E l’America si scopre un paese per vecchi

E l’America si scopre un paese per vecchi

Gli statunitensi sono 308 milioni di persone e si sposano sempre di meno (73 matrimoni ogni mille individui contro 10,3 nel 2000) e dormono troppo poco (il 28% degli uomini e il 30% delle donne non dorme abbastanza per 14 o più giorni al mese). Gli Stati Uniti hanno un territorio ancora poco sfruttato (la terra costruita è il 5,6% del totale) e ci sono stati come Minnesota, Iowa, Nebraska, North Carolina e Sud Dakota dove il numero di maiali supera quello degli abitanti. I dati sono infiniti, più o meno divertenti, e ancora in corso di pubblicazione. In generale offrono un interessante spunto per osservare fenomeni politici e demografici. In dettaglio, è possibile analizzare tre diversi aspetti: i dati del censimento e l’impatto sul Congresso e sulla rappresentanza politica; la composizione per età della popolazione e quali fasce risultano penalizzate;  la migrazione interna e il mercato del lavoro.

Censimento e impatto sulla politica. Negli Usa i censimenti sono decennali e servono anche a stabilire il numero di deputati da attribuire a ciascuno Stato. Questi sono infatti assegnati in proporzione alla popolazione, a differenza dei senatori che sono in numero fisso di due per Stato. Una delle prime domande che viene posta dopo ogni censimento è quindi: che impatto ha la nuova distribuzione dei deputati, in termini di forza, sui due partiti principali? La risposta non è scontata. I movimenti di seggi sono stati abbastanza limitati e hanno favorito Stati dove i repubblicani hanno vinto alle presidenziali del 2008. In dettaglio, quattro seggi in più vanno al Texas, due alla Florida e uno ciascuno ad Arizona, Carolina del Sud, Georgia, Nevada Utah, e Washington. Le perdite più forti si registrano invece per Ohio e New York: meno due seggi ciascuno. Un seggio in meno, infine per Illinoios Iowa, Lousiana, Massachusetts, Michigan, Missouri, New Jersey e Pennsylvania (fonte). 
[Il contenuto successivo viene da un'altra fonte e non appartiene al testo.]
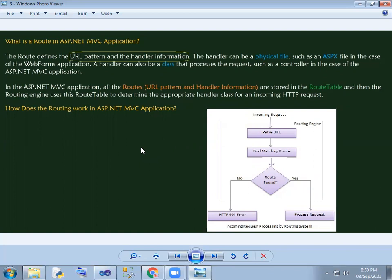A handler is a physical file — in ASP.NET, that means an ASPX file. There will be a handler and other handlers are classes. The request process is a class and the controller is also the same concept. Routes contain URL pattern and handler information, stored in the route table, and the route engine uses the route table.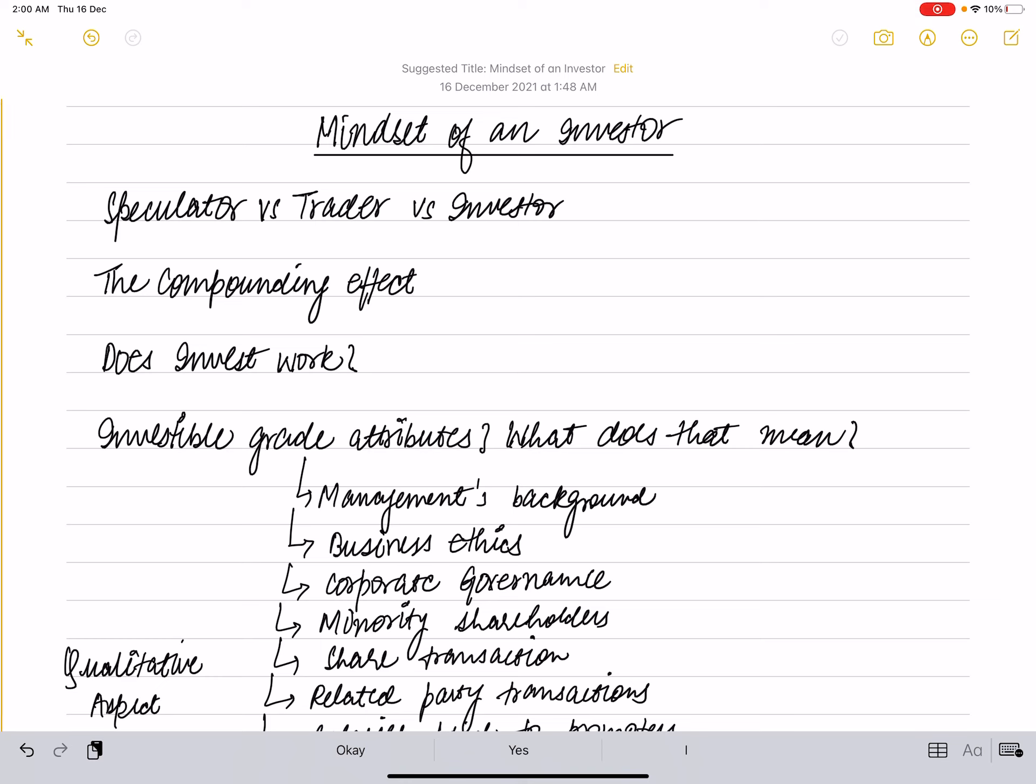To appreciate why Girish decides to stay invested and not really react to short-term markets, one must understand how the market compounds. Compounding, in simple words, is the ability of money to grow when year one earnings are reinvested for year two. For example, consider investing Rs. 100, which is expected to grow at 20% year on year. Recall, this is also called the CAGR.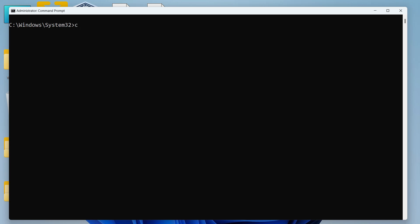And now to return to the previous directory we can write CD and then dot dot. So you can see that system 32 was the active directory. I used CD dot dot and I have returned to the previous directory that is Windows.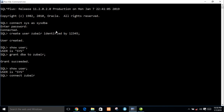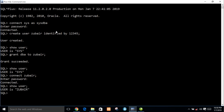Connect zbear, password 1 2 3 4 5. Show user — the user is now connected. Our user is created and show user confirms the user is created.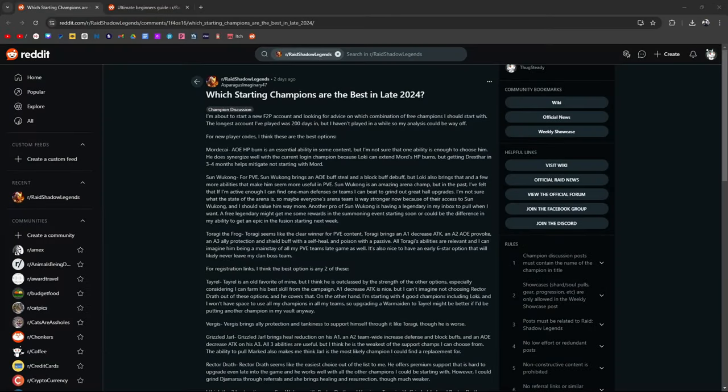I feel like this might be a very common question for a lot of newer players especially. Hello guys, my name is Brito, I play Raid Shadow Legends, I love my wife, and today we're going to be talking about which starting champions are the best in late 2024.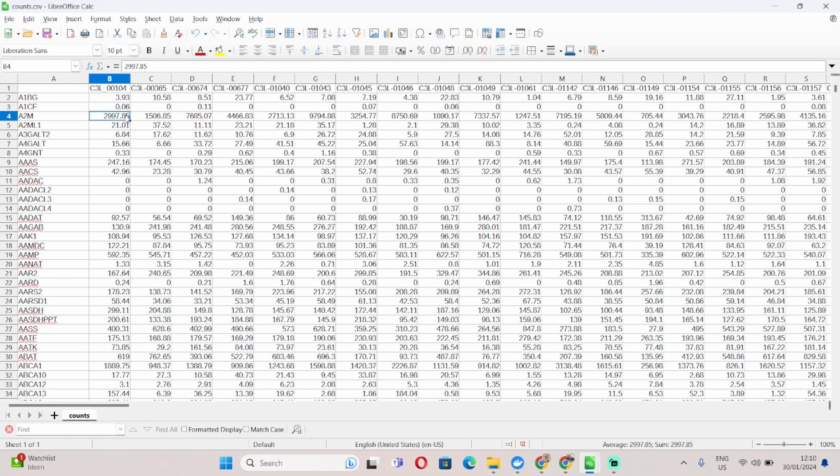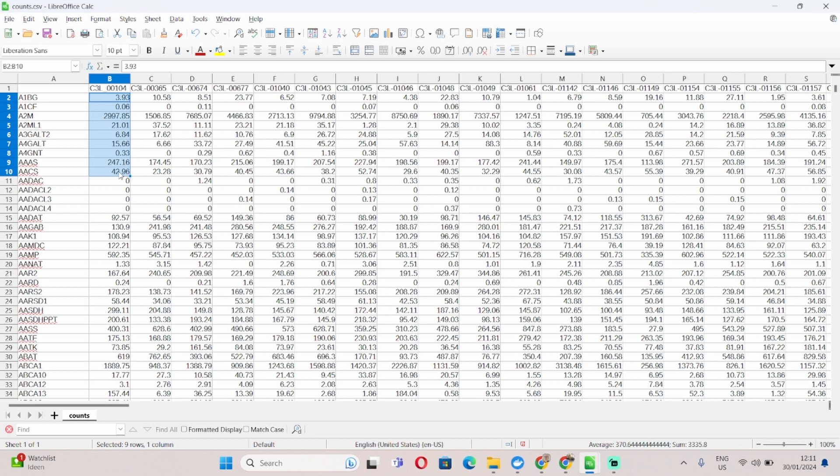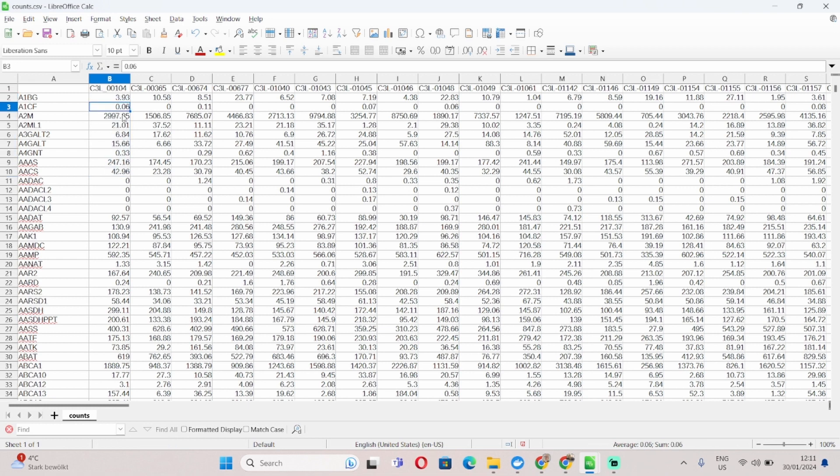An important note about the formatting of the numbers. The platform accepts international numbering formats. But if you start working with some of your local numbering formats, for example the Dutch numbering systems, this can cause problems with the platform. So I strongly suggest if you're using a local numbering format, that you convert it to an international numbering format such as this one, or you can also convert it into the scientific numbering format, which works absolutely fine with the platform.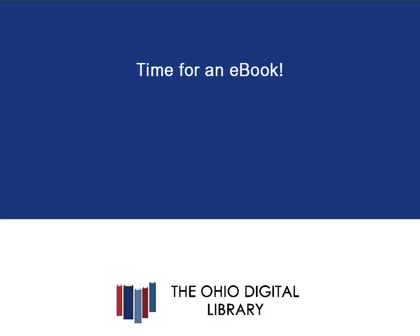Alright, it's time for an ebook. If you are ready to get an ebook from the library today, please see our next video on getting a library ebook for your iPad or other Apple device.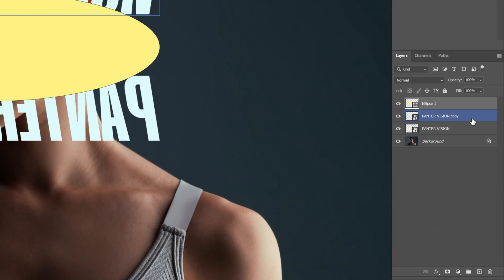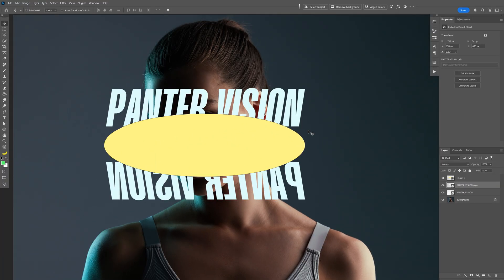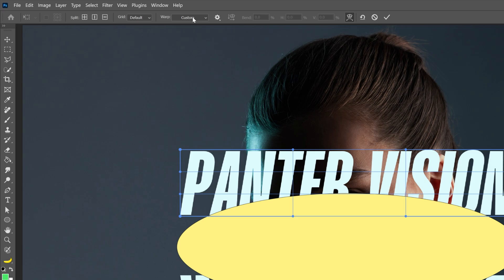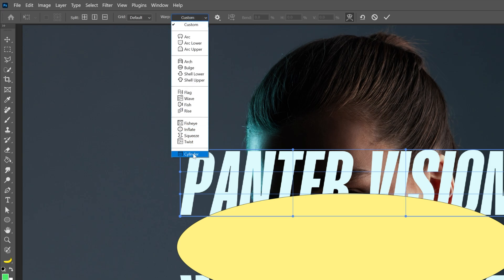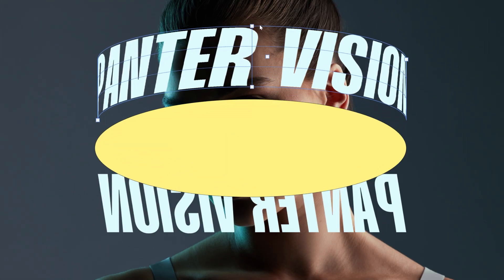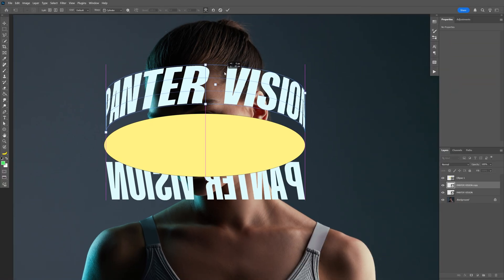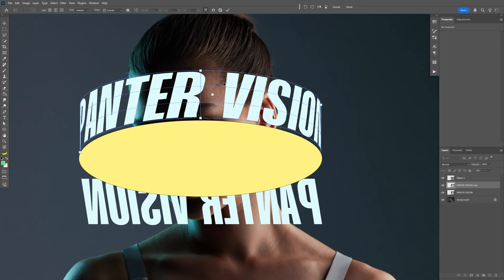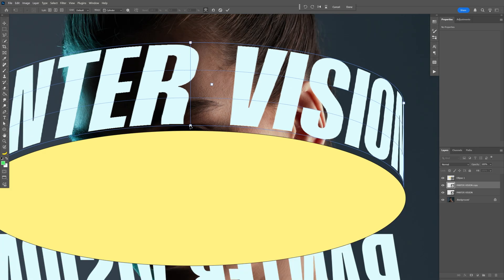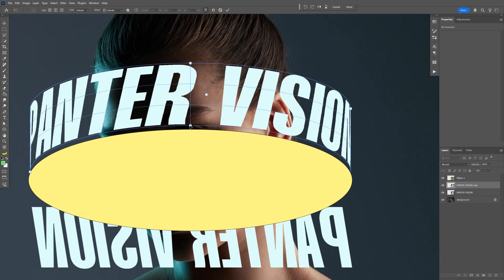Now I'm going to select the first layer with the text and press Ctrl T. Let's activate the warp, go back to the custom warp and select the cylinder. Let's drag this little square up. I'm also going to bring the text close to this oval, zoom in, and make sure that the oval line of the text is parallel with the circle oval. I'll bring it a little bit more up to set this up as correct as possible.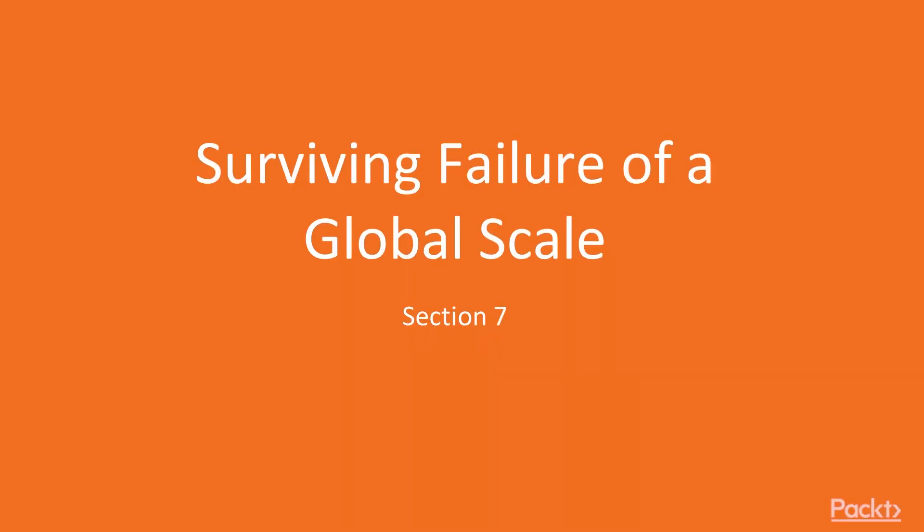Welcome to section seven: Surviving Failure on a Global Scale. In this last section, we're going to look at what we've built, understand the impact on our users and developers, and then we'll...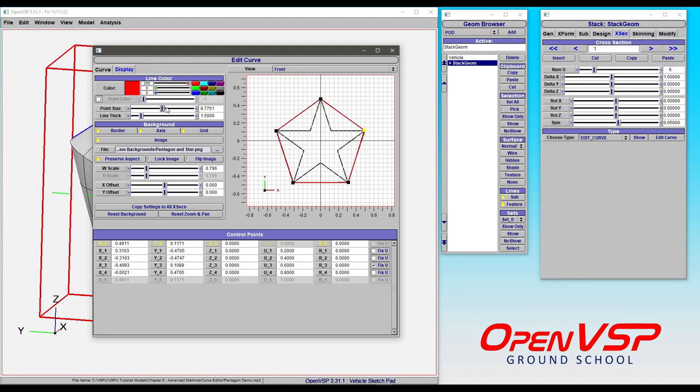You can make the points bigger or smaller as you choose. You can also change the line thickness and this is just going to help the lines and the points on this plot match up a little bit easier.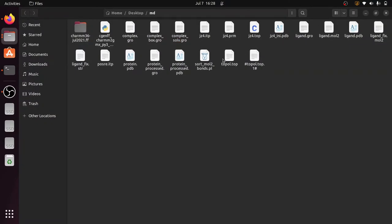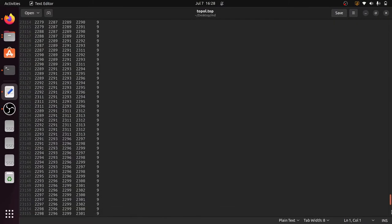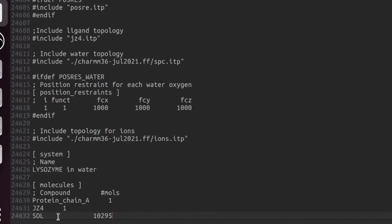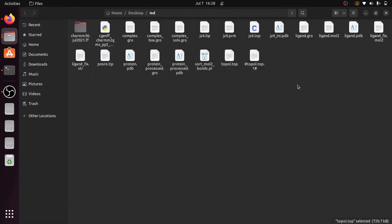We can also visualize the topology file — just scroll to the bottom and you can see that 10,295 solvent residues have been added. We have successfully generated the box and filled it with solvent molecules. In the next video we are going to see how to add ions to the system. Thank you for watching — if you like this video, give a like and subscribe to the channel.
Sono cambiamenti di un certo rilievo, che influiranno sulle presidenziali del 2012 e sulla composizione del collegio elettorale, visto che i paesi del Sud, maggiormente favorevoli al partito repubblicano, guadagnano un peso maggiore di quelli della vecchia tradizione industriale, dove i democratici hanno più seguito.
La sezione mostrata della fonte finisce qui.